The collections in the language and literature of Spain are very strong, appropriate for graduate work and most faculty research. The library's collections are strong for all periods, although both the program and the library collections were built on the literature of the Middle Ages and the Golden Age. The library has not sought to collect comprehensively, but it has collected at a high research level in nearly all areas. It has put special emphasis in recent years on collecting the latest works of contemporary writers, a category relatively ignored in the past. Related fields, such as womens studies, cultural studies, and history, are collected more vigorously given the broadening range of interests among literary scholars. The library also collects philology and linguistics at a level comparable to that for literature. Overall, the library possesses about 20,000 volumes devoted to Iberian languages and literatures. This figure excludes the considerable holdings of Spanish-language literature from outside of Spain, as well as the Lusophone literature of Brazil and Africa.
The proportion of Portuguese, Galician, and Catalan titles is small. At one time the Portuguese literature of the early modern period received some attention, but the current strategy is to acquire a small number of works from all periods. For literature, then, only works by the most prominent writers and classics are acquired and not even these comprehensively. Because of interest in Romance philology, however, relatively more works on the Portuguese language are acquired. The other languages and literatures, Catalan, Galician, and Valencian, are collected very selectively. The library also acquires works dealing with the linguistic aspects of Basque.

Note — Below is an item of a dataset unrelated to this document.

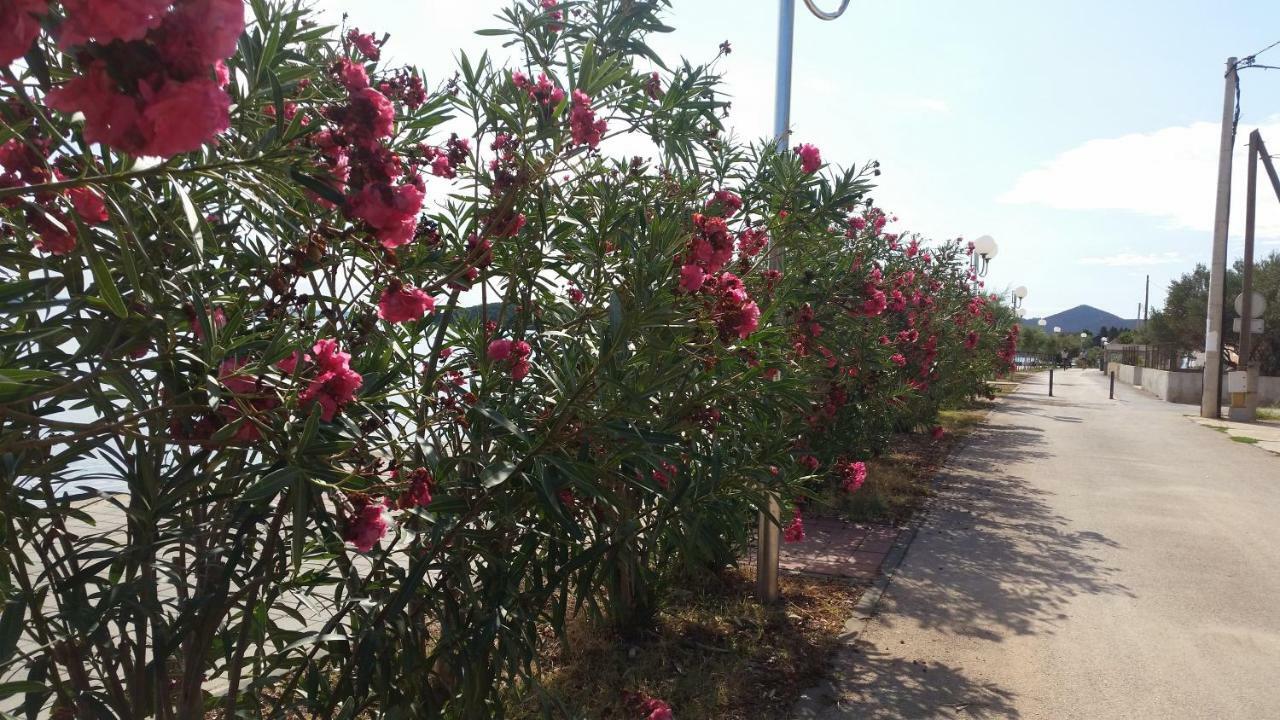 אוגייאן Apartment Sajkovic מראה חיצוני תמונה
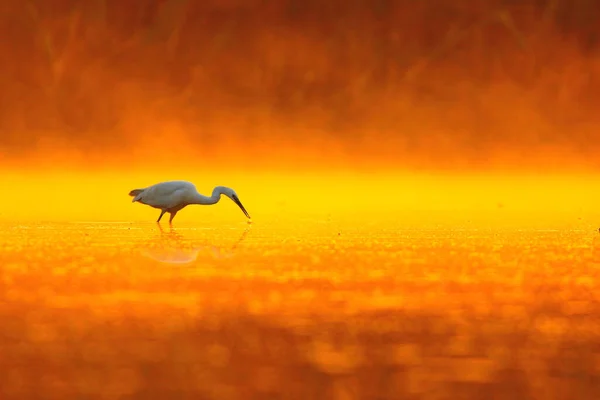 Grande Egret Lagoa Pôr Sol — Fotografia de Stock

Special Collections include the Hugo A. Rennert Collection, the basis for an exceptional overall collection in the Golden Age. The Rennert, much of which came from the Salva library Rennert purchased as a student in Freiburg im Breisgau, covers a large number of writers and various literary forms from the sixteenth and seventeenth centuries. Rennert collected the non-dramatic works of Lope de Vega, mostly first editions, plus a nearly complete set of the twenty-five volumes of Lope's plays printed between 1604 and 1647. The Lope holdings are unparalleled in this country. Also notable is the collection of seventeenth-century sueltas, and there are many early editions of the lyric poets and pastoral novels.

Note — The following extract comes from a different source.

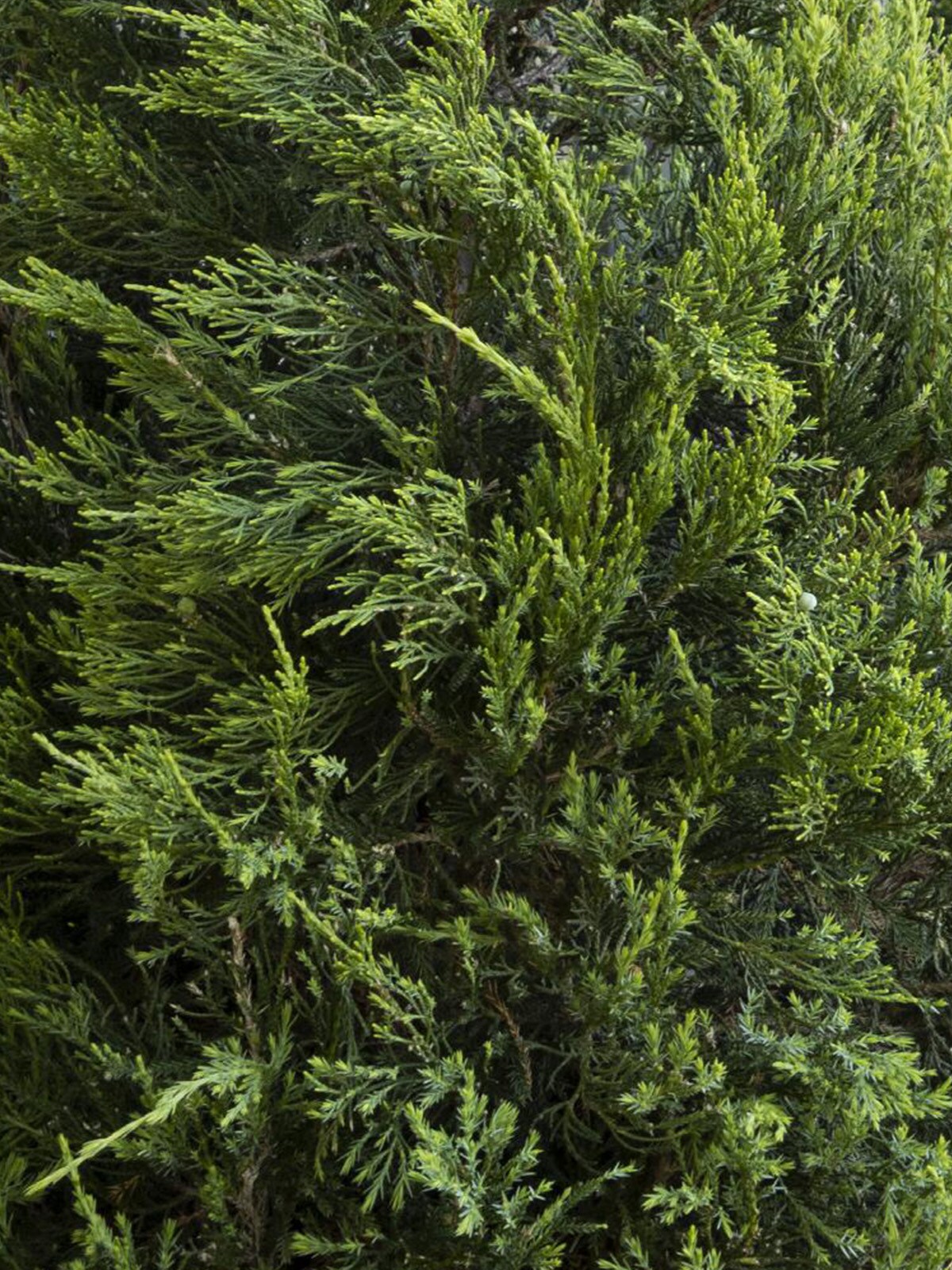 Southern Planters JUNHET01G trees - View #2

Collections in the history of Spain are not as relatively strong as they were earlier in this century, but the importance of the literature program and medieval studies and the library's traditional strengths in late medieval and early modern material have ensured that works on medieval, Hapsburg, and Bourbon Spain have been selected consistently. The Henry Charles Lea Library, a part of Special Collections, is a significant repository of historical materials, with its primary and secondary sources relating to the history of the Spanish and Roman Inquisition and, more generally, of medieval and Renaissance Europe. There are over 5,000 titles on Spanish history, including Catalonia and other regions. The library now collects works dealing with all periods, though Portuguese history is collected less intensively.